38.ただ死ぬ、それだけ
死んだら、先に死んだ犬と猫と父親に会えると思っていた。それから本丸に帰れると思っていた。
まあ本丸のことは説明がめんどいので黙っていたけど、先生に犬や猫、父親に会える気がしてならないと話したら薬が変わった。
それを飲み続けていたら、なんだか会えると思えなくなってしまった。本丸にも帰れると思えない。
死んだらなにもないとしか思えなくなった。
言わなければよかったと思った。
わたしは死んだら犬と猫と父親に会いたいし、それから本丸にも帰る。そう思っていたのに、死ぬ希望だったのに、なくなってしまった。

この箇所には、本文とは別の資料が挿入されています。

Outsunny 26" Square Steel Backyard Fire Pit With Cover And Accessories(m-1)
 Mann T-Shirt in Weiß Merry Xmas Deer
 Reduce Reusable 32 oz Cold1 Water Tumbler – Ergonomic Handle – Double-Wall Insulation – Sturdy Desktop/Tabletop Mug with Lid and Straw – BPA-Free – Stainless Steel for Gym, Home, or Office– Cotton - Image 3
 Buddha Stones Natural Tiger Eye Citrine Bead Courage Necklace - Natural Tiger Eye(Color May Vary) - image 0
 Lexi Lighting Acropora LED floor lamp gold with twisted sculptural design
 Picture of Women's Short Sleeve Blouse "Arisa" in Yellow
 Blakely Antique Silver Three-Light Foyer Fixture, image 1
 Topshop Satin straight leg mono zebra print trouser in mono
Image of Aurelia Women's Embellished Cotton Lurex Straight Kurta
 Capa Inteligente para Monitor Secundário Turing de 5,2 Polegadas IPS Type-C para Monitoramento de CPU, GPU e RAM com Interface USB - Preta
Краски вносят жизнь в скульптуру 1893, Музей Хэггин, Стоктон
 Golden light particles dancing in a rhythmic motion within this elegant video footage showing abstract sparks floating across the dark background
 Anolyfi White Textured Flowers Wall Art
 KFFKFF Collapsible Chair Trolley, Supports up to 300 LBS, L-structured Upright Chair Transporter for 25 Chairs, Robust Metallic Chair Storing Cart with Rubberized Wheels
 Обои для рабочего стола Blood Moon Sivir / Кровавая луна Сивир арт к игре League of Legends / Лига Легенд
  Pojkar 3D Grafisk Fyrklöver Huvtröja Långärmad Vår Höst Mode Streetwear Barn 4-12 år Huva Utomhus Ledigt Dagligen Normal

以前の主治医にも統合失調の気があるようなことを診断書に書かれていたけれど、今回のみんなに会うことも本丸に帰ることも、妄想の症状だったらしい。
ずっと前、死んだらこの世の在り方や成り立ちがすべてわかると思っていたことがあった。それも後で思えば妄想の症状でしかない。
でもわたしは妄想だろうとなんだろうと、死んだら犬と猫と父親に会えると思っていたかったし、本丸に帰れると思っていたかった。
余計なことを言ったといまさら悔やんでいる。
会えると思っていたから、帰れると思っていたから死ぬのがたのしみだった。
今はただ、死ぬしかないから死ぬのだろうとしか思えない。
この世は本当に夢も希望もない。